The bottleneck underneath all of this is power, not capital or government incentive, and the numbers involved are large enough to matter well beyond the tech sector. Industry estimates put ICT-sector baseload power requirements at 300 to 500 megawatts by 2026 alone, on top of ordinary economic growth in demand, a figure the country’s existing generation and transmission build-out was never sized for. Wholesale electricity prices across Luzon, Visayas, and Mindanao surged 58 percent in March 2026, and grid reserve margins remain thin enough that the national grid operator has flagged continued vulnerability to unplanned plant outages and demand spikes through mid-2026. Meralco is responding at the individual-project level rather than waiting for system-wide fixes: it commissioned a dedicated 115-kilovolt switching station to serve ePLDT’s VITRO facility in Santa Rosa, energized a dual-feed station inside ST Telemedia’s Polaris campus in Quezon City to guarantee stable power to that roughly 180-megawatt site, and has told researchers it expects to deliver 1,000 megawatts combined to ten data centers in the coming years. None of that changes the underlying reserve-margin math for the grid as a whole, it just prioritizes power delivery to the specific facilities large enough to negotiate their own dedicated infrastructure.
Every one of these projects, in other words, is competing for grid capacity in a country where electricity pricing and supply reliability are already contentious political issues entirely separate from AI. Tripling data center demand for power lands on a grid that was never sized with AI-scale compute density in mind, and none of the incentive tiers in the SIPP directly address that constraint, they lower the cost of building, not the cost or availability of the electricity needed to actually run what gets built.

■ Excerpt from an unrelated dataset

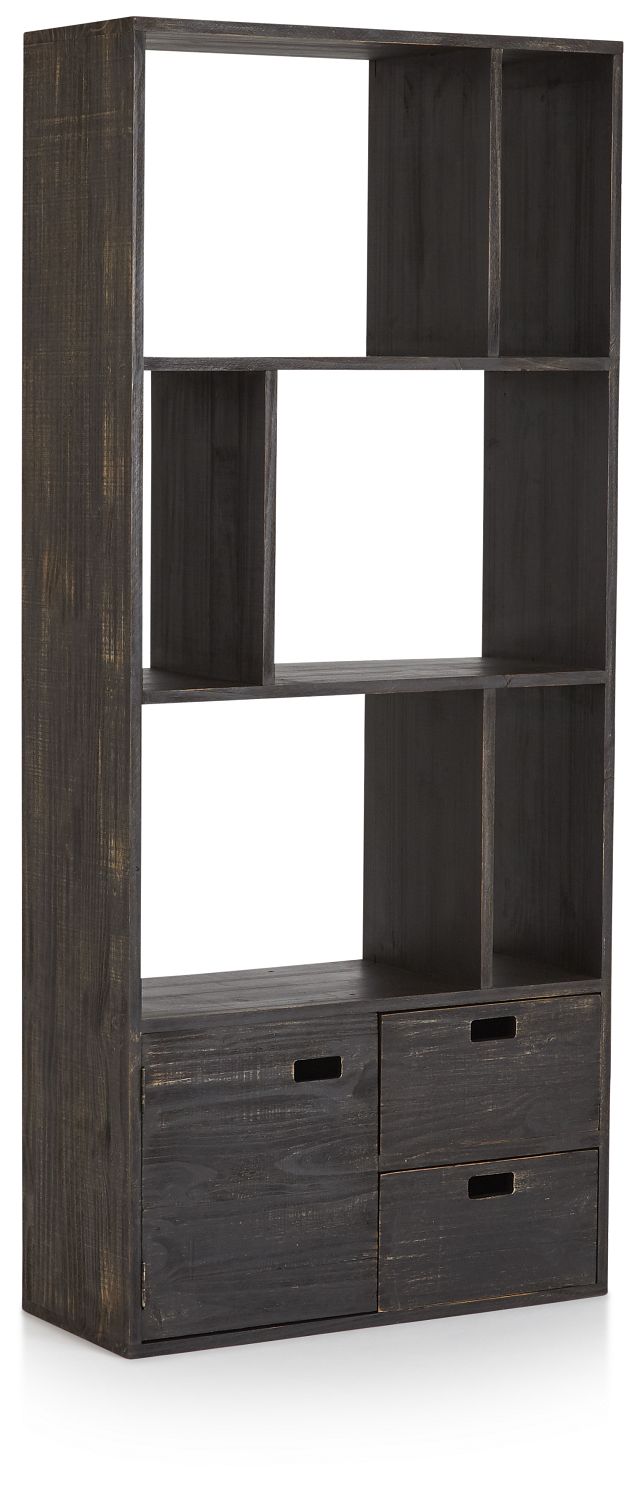 Indigo Light Brown Wood Bookcase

For Philippine AI startups, the practical question the SIPP incentives raise isn’t about data center ownership, almost none of these projects are being built for cheap compute access by local startups, they’re being built for hyperscaler and large enterprise colocation tenants capable of filling a 100-megawatt facility on their own, or dedicated national-security infrastructure under an agreement Manila is still negotiating jurisdiction terms for. The more relevant question is whether this new local supply eventually pushes GPU-hour pricing down for smaller Philippine tenants at all, or whether, as with the Clark hub before it, the capacity gets absorbed entirely by foreign enterprise and government clients before it ever meaningfully reaches a Series A Philippine AI startup’s monthly compute bill.
The SIPP’s tax incentives make the Philippines a cheaper place to build AI infrastructure than it was a year ago. They say nothing yet, on their own, about who actually gets to rent time on what gets built, or whether the power grid underneath it can keep pace with a tripling of demand on top of an already-strained baseload, and both of those distinctions are likely to matter more to the domestic startup ecosystem than the headline capacity figures being reported right now.